====== TASK INPUT ======
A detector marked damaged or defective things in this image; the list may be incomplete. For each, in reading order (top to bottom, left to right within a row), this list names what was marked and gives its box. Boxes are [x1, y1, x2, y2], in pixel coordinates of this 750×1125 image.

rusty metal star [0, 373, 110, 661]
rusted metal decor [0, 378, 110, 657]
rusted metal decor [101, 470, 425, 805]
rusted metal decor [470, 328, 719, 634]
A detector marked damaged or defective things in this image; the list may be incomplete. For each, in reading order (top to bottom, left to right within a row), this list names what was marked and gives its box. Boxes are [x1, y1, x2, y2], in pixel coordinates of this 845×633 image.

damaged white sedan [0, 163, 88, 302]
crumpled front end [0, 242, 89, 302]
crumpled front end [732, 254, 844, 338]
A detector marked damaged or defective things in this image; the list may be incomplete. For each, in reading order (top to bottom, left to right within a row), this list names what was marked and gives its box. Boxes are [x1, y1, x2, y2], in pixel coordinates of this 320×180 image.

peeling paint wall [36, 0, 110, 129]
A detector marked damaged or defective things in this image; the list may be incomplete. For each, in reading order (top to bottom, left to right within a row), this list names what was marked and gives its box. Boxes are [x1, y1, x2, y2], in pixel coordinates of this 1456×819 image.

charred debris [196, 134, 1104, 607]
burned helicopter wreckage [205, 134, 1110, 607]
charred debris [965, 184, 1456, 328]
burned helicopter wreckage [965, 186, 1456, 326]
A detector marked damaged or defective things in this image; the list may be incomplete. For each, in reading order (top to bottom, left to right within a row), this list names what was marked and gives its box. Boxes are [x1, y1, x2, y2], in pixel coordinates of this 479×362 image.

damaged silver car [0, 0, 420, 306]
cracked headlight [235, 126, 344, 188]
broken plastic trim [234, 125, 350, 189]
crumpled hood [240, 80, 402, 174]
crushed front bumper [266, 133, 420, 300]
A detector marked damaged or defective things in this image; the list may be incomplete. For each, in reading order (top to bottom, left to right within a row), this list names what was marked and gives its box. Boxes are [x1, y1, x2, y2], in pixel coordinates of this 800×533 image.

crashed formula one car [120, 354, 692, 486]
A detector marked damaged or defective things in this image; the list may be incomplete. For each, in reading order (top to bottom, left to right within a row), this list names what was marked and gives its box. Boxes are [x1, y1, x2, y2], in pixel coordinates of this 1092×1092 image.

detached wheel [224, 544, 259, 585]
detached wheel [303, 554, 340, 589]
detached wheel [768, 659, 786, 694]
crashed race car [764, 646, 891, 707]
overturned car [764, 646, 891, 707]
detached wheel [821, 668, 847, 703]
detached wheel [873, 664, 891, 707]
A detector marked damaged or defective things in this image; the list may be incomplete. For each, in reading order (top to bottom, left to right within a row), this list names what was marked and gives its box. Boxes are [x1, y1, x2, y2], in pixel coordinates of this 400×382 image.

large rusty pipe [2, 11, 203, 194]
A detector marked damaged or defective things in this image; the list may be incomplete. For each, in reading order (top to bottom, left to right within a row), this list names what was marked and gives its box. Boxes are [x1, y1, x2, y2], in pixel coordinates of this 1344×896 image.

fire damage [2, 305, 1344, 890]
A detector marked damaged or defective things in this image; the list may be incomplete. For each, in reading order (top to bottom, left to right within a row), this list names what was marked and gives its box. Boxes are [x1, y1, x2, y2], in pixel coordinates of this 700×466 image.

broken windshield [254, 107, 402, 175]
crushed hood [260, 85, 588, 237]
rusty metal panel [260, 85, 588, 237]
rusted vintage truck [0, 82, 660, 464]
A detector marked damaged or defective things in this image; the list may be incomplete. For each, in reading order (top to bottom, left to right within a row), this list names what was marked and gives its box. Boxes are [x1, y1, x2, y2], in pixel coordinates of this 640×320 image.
======
## ASSIGNMENT
Repeat the data in its entirety, character for character.

## SOLUTION
A detector marked damaged or defective things in this image; the list may be incomplete. For each, in reading order (top to bottom, left to right within a row), this list names what was marked and gives its box. Boxes are [x1, y1, x2, y2], in pixel coordinates of this 750×1125 image.

rusty metal star [0, 373, 110, 661]
rusted metal decor [0, 378, 110, 657]
rusted metal decor [101, 470, 425, 805]
rusted metal decor [470, 328, 719, 634]
A detector marked damaged or defective things in this image; the list may be incomplete. For each, in reading order (top to bottom, left to right within a row), this list names what was marked and gives its box. Boxes are [x1, y1, x2, y2], in pixel coordinates of this 845×633 image.

damaged white sedan [0, 163, 88, 302]
crumpled front end [0, 242, 89, 302]
crumpled front end [732, 254, 844, 338]
A detector marked damaged or defective things in this image; the list may be incomplete. For each, in reading order (top to bottom, left to right within a row), this list names what was marked and gives its box. Boxes are [x1, y1, x2, y2], in pixel coordinates of this 320×180 image.

peeling paint wall [36, 0, 110, 129]
A detector marked damaged or defective things in this image; the list may be incomplete. For each, in reading order (top to bottom, left to right within a row), this list names what was marked and gives its box. Boxes are [x1, y1, x2, y2], in pixel coordinates of this 1456×819 image.

charred debris [196, 134, 1104, 607]
burned helicopter wreckage [205, 134, 1110, 607]
charred debris [965, 184, 1456, 328]
burned helicopter wreckage [965, 186, 1456, 326]
A detector marked damaged or defective things in this image; the list may be incomplete. For each, in reading order (top to bottom, left to right within a row), this list names what was marked and gives its box. Boxes are [x1, y1, x2, y2], in pixel coordinates of this 479×362 image.

damaged silver car [0, 0, 420, 306]
cracked headlight [235, 126, 344, 188]
broken plastic trim [234, 125, 350, 189]
crumpled hood [240, 80, 402, 174]
crushed front bumper [266, 133, 420, 300]
A detector marked damaged or defective things in this image; the list may be incomplete. For each, in reading order (top to bottom, left to right within a row), this list names what was marked and gives its box. Boxes are [x1, y1, x2, y2], in pixel coordinates of this 800×533 image.

crashed formula one car [120, 354, 692, 486]
A detector marked damaged or defective things in this image; the list may be incomplete. For each, in reading order (top to bottom, left to right within a row), this list names what was marked and gives its box. Boxes are [x1, y1, x2, y2], in pixel coordinates of this 1092×1092 image.

detached wheel [224, 544, 259, 585]
detached wheel [303, 554, 340, 589]
detached wheel [768, 659, 786, 694]
crashed race car [764, 646, 891, 707]
overturned car [764, 646, 891, 707]
detached wheel [821, 668, 847, 703]
detached wheel [873, 664, 891, 707]
A detector marked damaged or defective things in this image; the list may be incomplete. For each, in reading order (top to bottom, left to right within a row), this list names what was marked and gives its box. Boxes are [x1, y1, x2, y2], in pixel coordinates of this 400×382 image.

large rusty pipe [2, 11, 203, 194]
A detector marked damaged or defective things in this image; the list may be incomplete. For each, in reading order (top to bottom, left to right within a row), this list names what was marked and gives its box. Boxes are [x1, y1, x2, y2], in pixel coordinates of this 1344×896 image.

fire damage [2, 305, 1344, 890]
A detector marked damaged or defective things in this image; the list may be incomplete. For each, in reading order (top to bottom, left to right within a row), this list names what was marked and gives its box. Boxes are [x1, y1, x2, y2], in pixel coordinates of this 700×466 image.

broken windshield [254, 107, 402, 175]
crushed hood [260, 85, 588, 237]
rusty metal panel [260, 85, 588, 237]
rusted vintage truck [0, 82, 660, 464]
A detector marked damaged or defective things in this image; the list may be incomplete. For each, in reading order (top to bottom, left to right within a row), this list names what was marked and gives its box. Boxes are [x1, y1, x2, y2], in pixel coordinates of this 640×320 image.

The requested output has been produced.